= EXERCISE DIRECTIONS =
Reproduce every record verbatim but drop the pictures.

= INFORMATION GIVEN =
#####

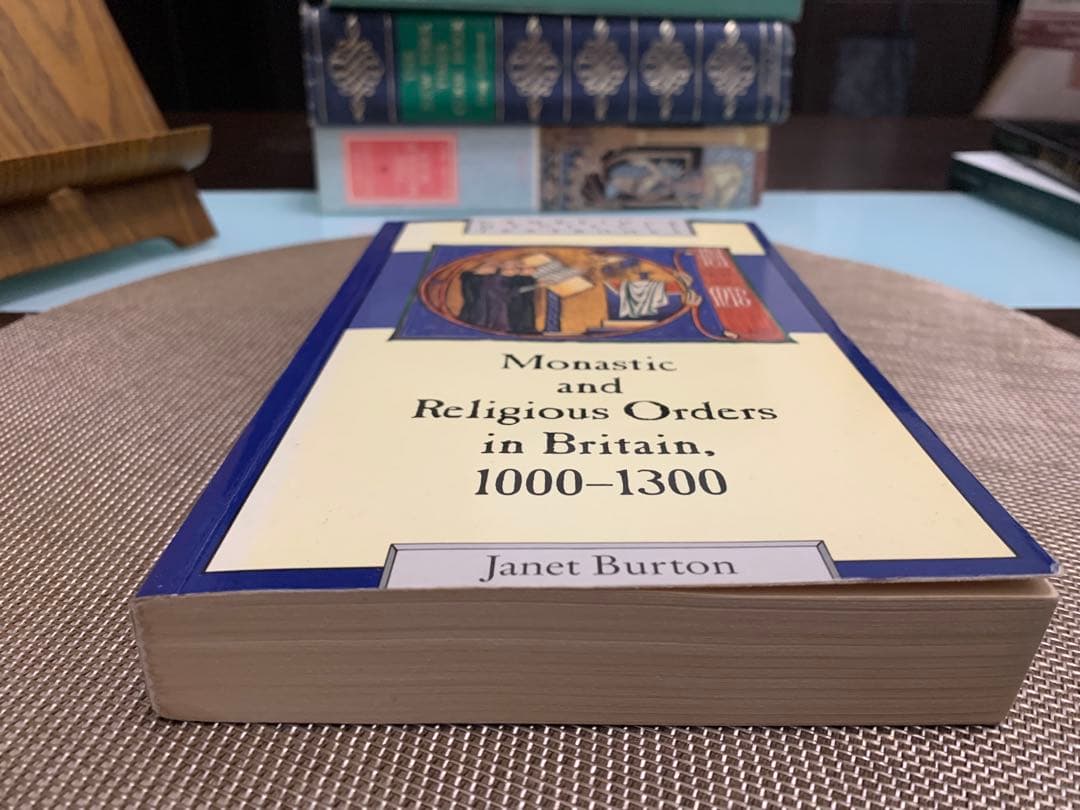 洋書 Monastic and Religious Orders in Britain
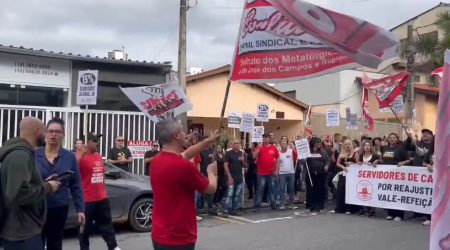 Servidores públicos de Caraguatatuba fazem protesto por reajuste salarial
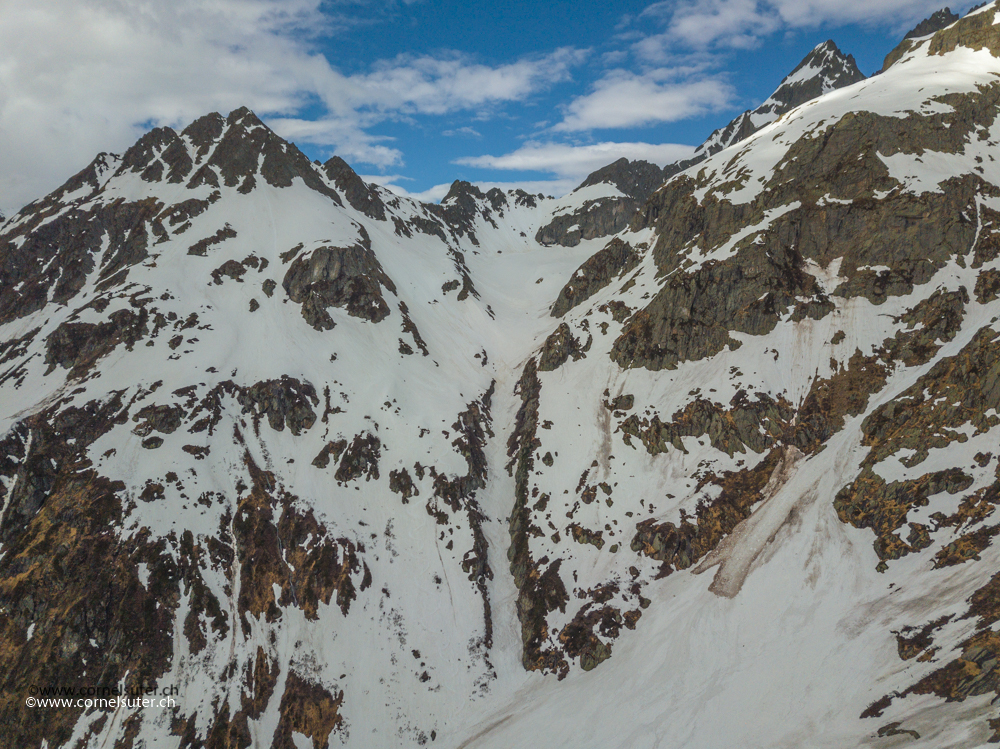 Flugbild in der Mitte das Hohbergtal.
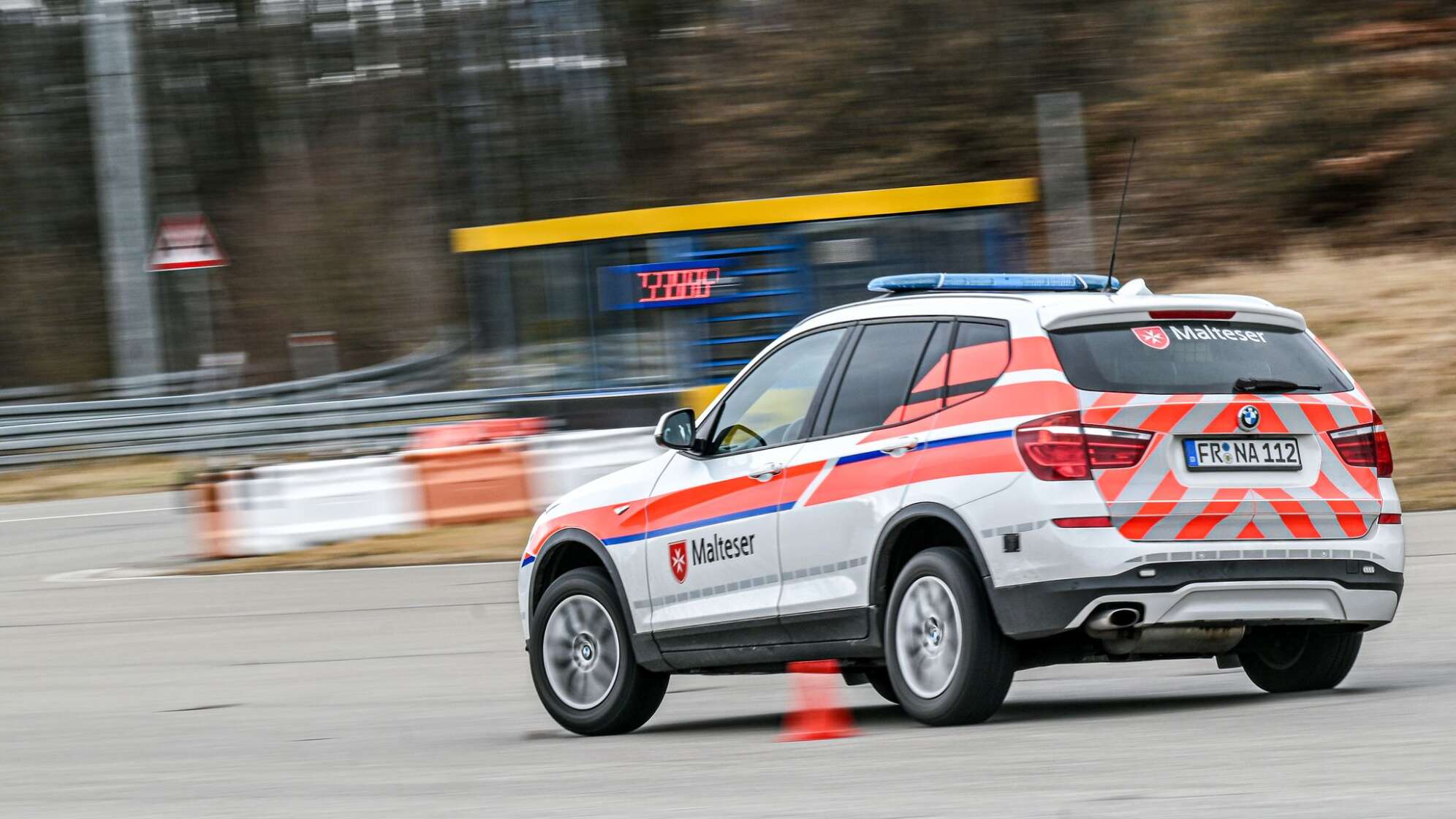 Rallye-Legende Kleinschmidt beim Malteser Fahrsicherheitstraining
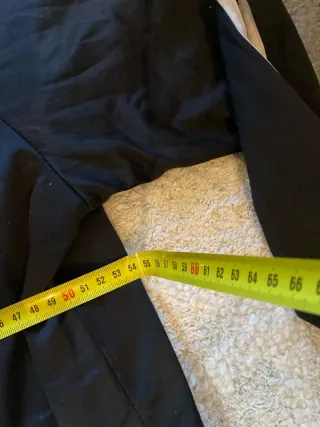 Chaqueta deportiva Adidas negra y blanca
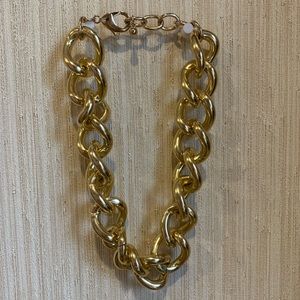chunky, gold chain necklace! 🔱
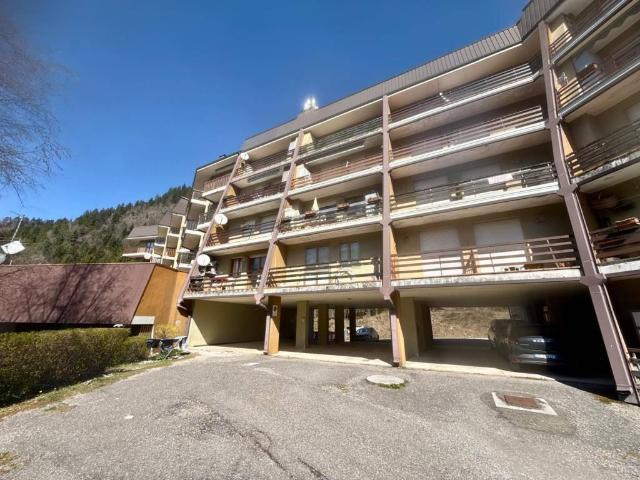 Appartamento in vendita a Arta Terme, Friuli-Venezia Giulia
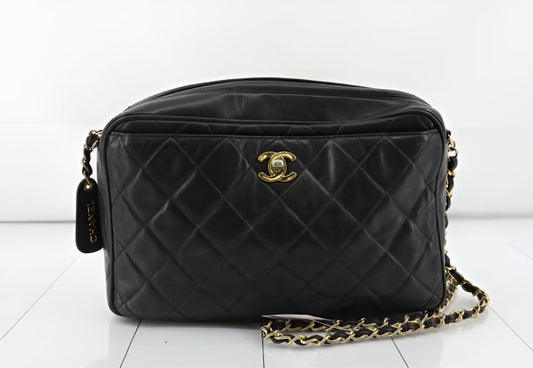 Chanel 1995 Lambskin Diamond Quilted Shoulder Bag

#####

= ANSWER BELOW =
 洋書 Monastic and Religious Orders in Britain
 Servidores públicos de Caraguatatuba fazem protesto por reajuste salarial
 Flugbild in der Mitte das Hohbergtal.
 Rallye-Legende Kleinschmidt beim Malteser Fahrsicherheitstraining
 Chaqueta deportiva Adidas negra y blanca
chunky, gold chain necklace! 🔱
 Appartamento in vendita a Arta Terme, Friuli-Venezia Giulia
 Chanel 1995 Lambskin Diamond Quilted Shoulder Bag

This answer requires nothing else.